By Andrea Tornielli
One year after the aggression against Ukraine perpetrated by the Russian Federation, more than seventeen million people in the attacked country are in need of humanitarian assistance; eight million are refugees abroad; and six million are internally displaced. There are more than twenty thousand civilian casualties, and about one hundred thousand military casualties on both fronts. In the face of this senseless carnage in the heart of Christian Europe, where soldiers who share the same baptism are fighting each other, a massacre that is leading humanity towards self-destruction by ever faster steps, one cannot help but take up the dramatic question that the Successor of Peter addressed to the international community and to each one of us: “Has everything possible been done to stop the war?” It is difficult to answer “yes” in the face of the apathy and lack of creativity of diplomacy and of international bodies. It is difficult to answer “yes” in the face of the acceleration of the arms race and the single-minded militaristic rhetoric that stigmatizes any doubts about war escalation.

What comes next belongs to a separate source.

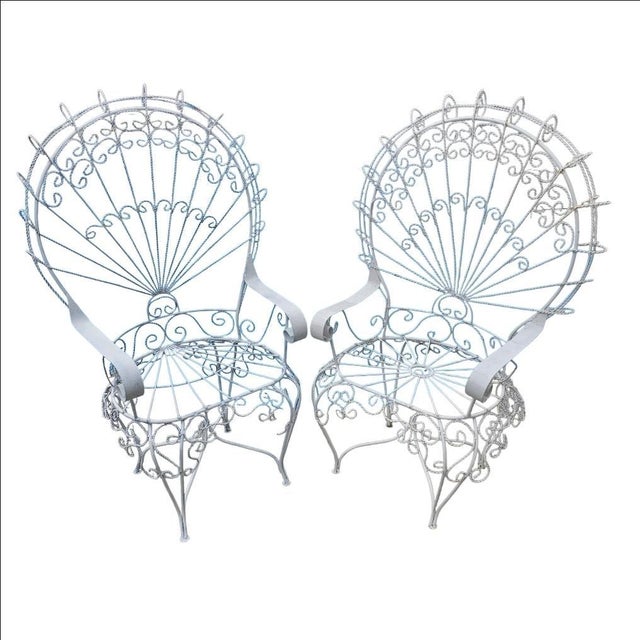 1950s Vintage White Wrought Iron Peacock Armchairs-Set of Two For Sale - Image 5 of 18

Pope Francis has made countless appeals, crying out, in harmony with his predecessors, his heartfelt “No to war!” It is the same “Never again war!” that Saint Paul VI pleaded in front of the United Nations Assembly on 4 October 1965; it is that “Never again war!” that Saint John Paul II cried out – ill and unfortunately unheard – at the Angelus of 16 March 2003, to avert the wretched invasion of Iraq, the consequences of which are still visible to all after the transformation for many years of that country into the breeding ground of all fundamentalist terrorism.
Pope Francis’ appeal is addressed to “those who have authority over nations to make a concrete commitment to end the conflict, to achieve a cease-fire and to start peace negotiations,” because a victory “built on rubble will never be a true victory!” And the wounds of hatred and resentment that the barbarity of war has caused will remain for certainly longer than the time needed to rebuild Ukraine.
In the face of all this, the commitment of those who help the victims and welcome the displaced is a concrete sign of hope, pointing the way to fraternity, non-violence, and peace. There is a civil society that marches, prays, works for, and invokes peace – like the one that will walk from Perugia to Assisi tonight. A civil society whose voice deserves more space. There are people, believers and non-believers, who are asking the aggressor, Vladimir Putin, to stop; and asking all governments – beginning with those of the most powerful Countries – to bet on peace and not on the inevitability of a devastating conflict that is destined to increasingly mark the future of Europe and all humanity. Are we doing all we can to stop this war?